È una specie di balletto statico che appartiene alle comuni democrazie europee. Al termine delle elezioni amministrative, i vincitori affermano che la loro vittoria ha un valore nazionale, mentre i perdenti cercano di imporre la lettura opposta.
Ma questa volta niente del genere. Dalla sinistra all’estrema destra dello schieramento politico italiano arriva la stessa smentita all’unanimità: le elezioni comunali parziali del 3 e 4 ottobre (con un secondo turno probabile il 17 e 18 ottobre) non possono essere lette che semplici consultazioni locali, e la loro i risultati vanno soprattutto estrapolati. Non avranno alcuna influenza sulle scelte politiche del governo, il presidente del Consiglio, Mario Draghi, che cerca di prendere le distanze dalle divergenze dei partiti, nonché di dare l’impressione di governance consultandosi con loro il meno possibile il più possibile.
Nonostante tutto, la quota di questo voto è tutt’altro che insignificante. Sono coinvolti solo 1.300 comuni degli 8.000, ma il ballottaggio va ancora ai 20 capoluoghi di regione, oltre alle quattro città più popolose del Paese: Roma, Milano, Napoli e Torino. Naturalmente, in virtù della loro diversità, queste megalopoli sono soggette a dinamiche molto diverse tra loro. Tuttavia, alcuni tratti comuni consentiranno comunque di trarre i primi insegnamenti dallo stato degli equilibri di potere, a otto mesi da quando il governo Draghi ha riunito quasi tutte le forze politiche del Paese.

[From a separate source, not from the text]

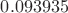 $0.093935$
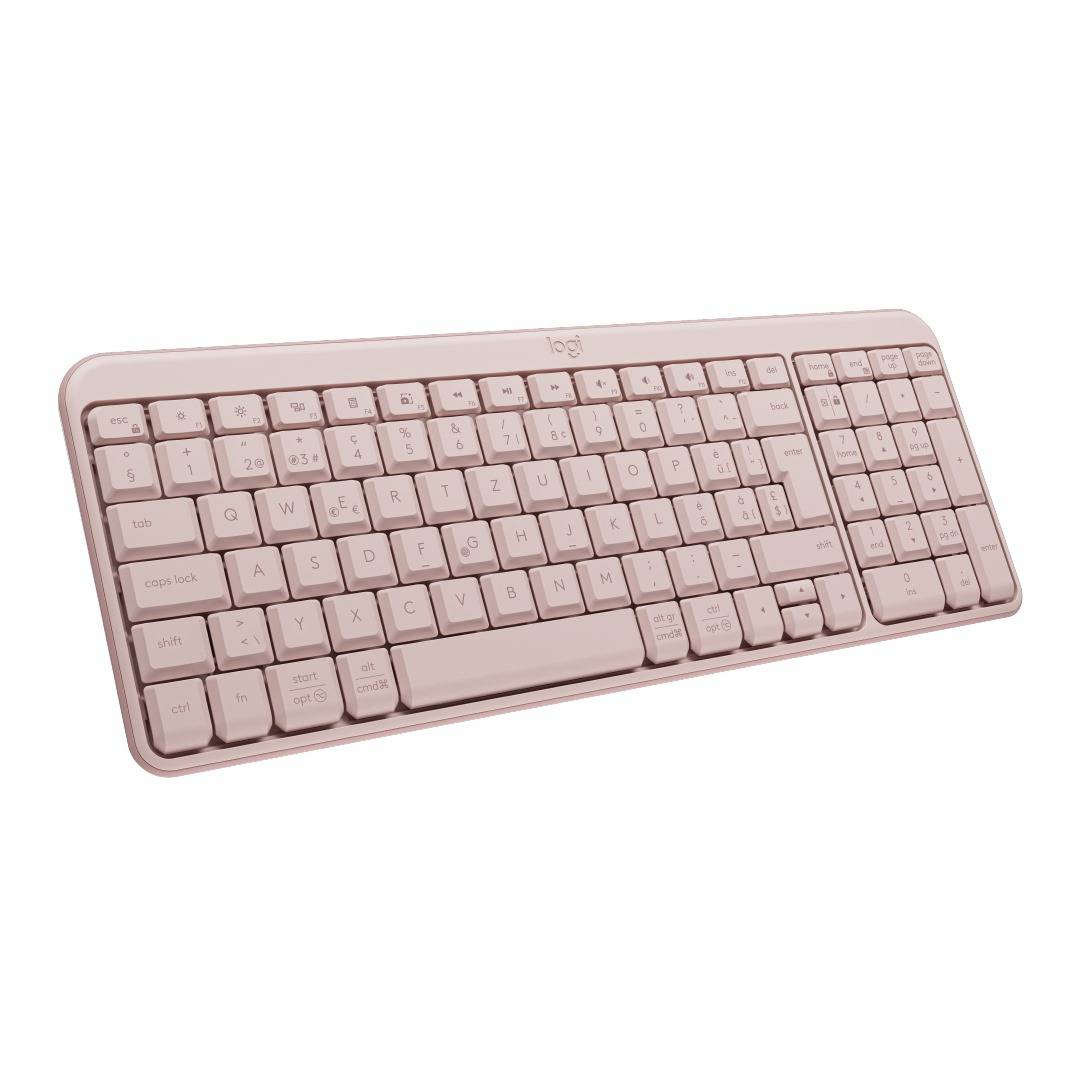 Teclado Inalámbrico Logitech K250 Rosa - Conexión Confiable y Diseño Compacto - Toque Moderno y Confortable - Nuevo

Figure della società civile
Il primo è il ritorno, emerso dalla fine dell’alleanza tra Lega (estrema destra) e Movimento Cinque Stelle (M5S, antiregime), nell’agosto 2019, a una forma di bipolarismo. A destra, anche se le due formazioni dominanti non avevano la stessa posizione nei confronti del governo (la Lega di Matteo Salvini fa parte della maggioranza mentre i postfascisti di Fratelli d’Italia, guidati da Giorgia Meloni, hanno preferito statene fuori), le alleanze sono state fatte senza troppe difficoltà, soprattutto nelle grandi città.
La cosa più difficile, in linea di principio, era trovare candidati moderati che fossero in grado di incarnare questa alleanza a livello locale. Così figure della società civile sono state individuate e presentate all’elettorato come molto lontane dalla vita partigiana, anche se attivamente sostenute da tutte le componenti della destra. È il caso in particolare di Roma (Enrico Michetti), Milano (Enrico Bernardo) e Torino (Paolo D’Amilano).